Page MenuHomePhabricator

Flow wikitext API doesn’t include image that’s present in a topic
Closed, ResolvedPublicBUG REPORT

Description

Steps to replicate the issue

What happens?
There is no image present in the wikitext API response, despite there being an image present at https://mediawiki.org/wiki/Topic:Uecl7etmvwe4tg5x

What should have happened instead?
The image should have been included in the wikitext API response, given that it was part of the topic.

Software version
WMF production - Special:Version gives me MW 1.44.0-wmf.20 & Parsoid 0.21.0-a20

Other information/notes

Event Timeline

Restricted Application added a subscriber: Aklapper. · View Herald Transcript

The HTML of the image has typeof="mw:Image/Thumb", while normal Parsoid output should have typeof="mw:File/Thumb" instead. Presumably this is something that changed in the past 7 years, and modern Parsoid can no longer convert that HTML to wikitext?

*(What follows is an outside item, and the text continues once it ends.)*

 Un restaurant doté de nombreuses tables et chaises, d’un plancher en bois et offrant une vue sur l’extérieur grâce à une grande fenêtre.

I was aware of that patch, but assumed that the number of Flow posts with images was insignificant enough that I didn't have to care, and what I expected it to produce was some sort of malformed markup, not silently dropping the image.

Stephonjeffries19 changed the task status from Open to Stalled.Mar 22 2025, 4:04 PM
Stephonjeffries19 set the point value for this task to 364955616.
Stephonjeffries19 set Final Story Points to 52648.
Pppery changed the task status from Stalled to Open.Mar 22 2025, 4:04 PM
Pppery removed the point value 364955616 for this task.
Pppery removed Final Story Points.
Stephonjeffries19 changed the task status from Open to Stalled.Mar 22 2025, 4:05 PM
Pppery changed the task status from Stalled to Open.Mar 22 2025, 4:07 PM

I was aware of that patch, but assumed that the number of Flow posts with images was insignificant enough that I didn't have to care, and what I expected it to produce was some sort of malformed markup, not silently dropping the image.

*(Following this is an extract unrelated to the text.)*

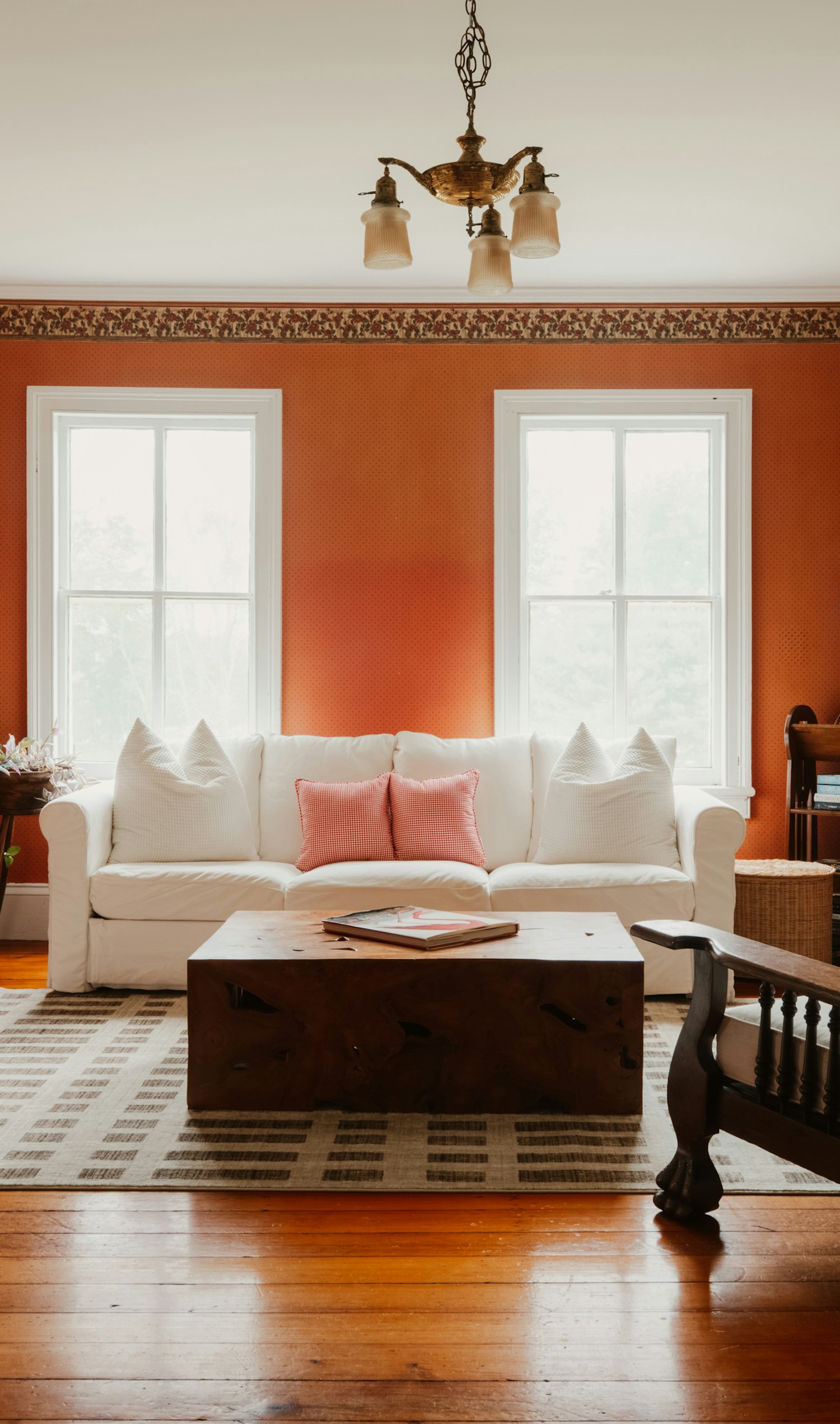 Bright, lived-in living room with terracotta walls, a wooden floor, a white sofa and two tall windows.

Do you want me to restore some of that backwards compatible code?

No, it's too late now - I ran the export bot weeks ago.

That's really up to A smart kitten, not me. I guess I could re-export the specific sampling of topics that lost images if I could find them.

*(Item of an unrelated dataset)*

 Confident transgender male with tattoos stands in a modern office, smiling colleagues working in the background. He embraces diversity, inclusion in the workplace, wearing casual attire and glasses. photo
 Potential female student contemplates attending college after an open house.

To make that easier, it would be useful to know when the relevant Parsoid change was ...

(Sorry, my comment above was kind of terse - restoring the backward compatibility now wouldn't fix anything by itself - it might be part of a broader scheme if I decide to pursue that, but the time for that isn't now).


My personal opinion is that we should accept Flow->wikitext conversion is lossy (which isn't all Parsoid's fault, some of it is unavoidable due to data-model or wikitext syntax mismatches), and do T389680 so edge-cases like this don't get lost, rather than trying to track down every single one and fix the wikitext.

@A_smart_kitten What do you think?

So we can decline this?

I guess a few things come to my mind immediately (disclaimer: probably not an exhaustive list):

  • Would this not be an issue for when the WMF runs a script to convert Flow boards to wikitext on other (non-MW.org) wikis? (I feel like I’ve read somewhere that this will happen, correct me if I’m wrong though)
  • Viewing this through the lens of being a StructuredDiscussions bug (ie., rather than necessarily a Parsoid bug) — might there be installations of StructuredDiscussions on any third party wikis that may have posts affected by this? If so, then this bug affects them as well — they would expect any Flow-extension-generated wikitext exports to also include any images that are present in a topic, and currently it seems like this wouldn't always be the case. How to resolve this specific issue is (presumably?) a decision for the stewards of this extension (Growth-Team, I believe?) — to throw out a couple of ideas that immediately come to my mind (also not an exhaustive list): maybe defining a singular/specific version of Parsoid that the extension is marked as being compatible with, that includes all the necessary backwards-compatibility for correctly exporting old Flow posts? Maybe writing & bundling a StructuredDiscussions maintenance script to make the necessary changes to stored Flow posts (e.g., like those recommended in this commit message) such that they export properly to wikitext under all listed supported versions of Parsoid? (There are probably also other possible ideas that aren’t immediately occurring to me)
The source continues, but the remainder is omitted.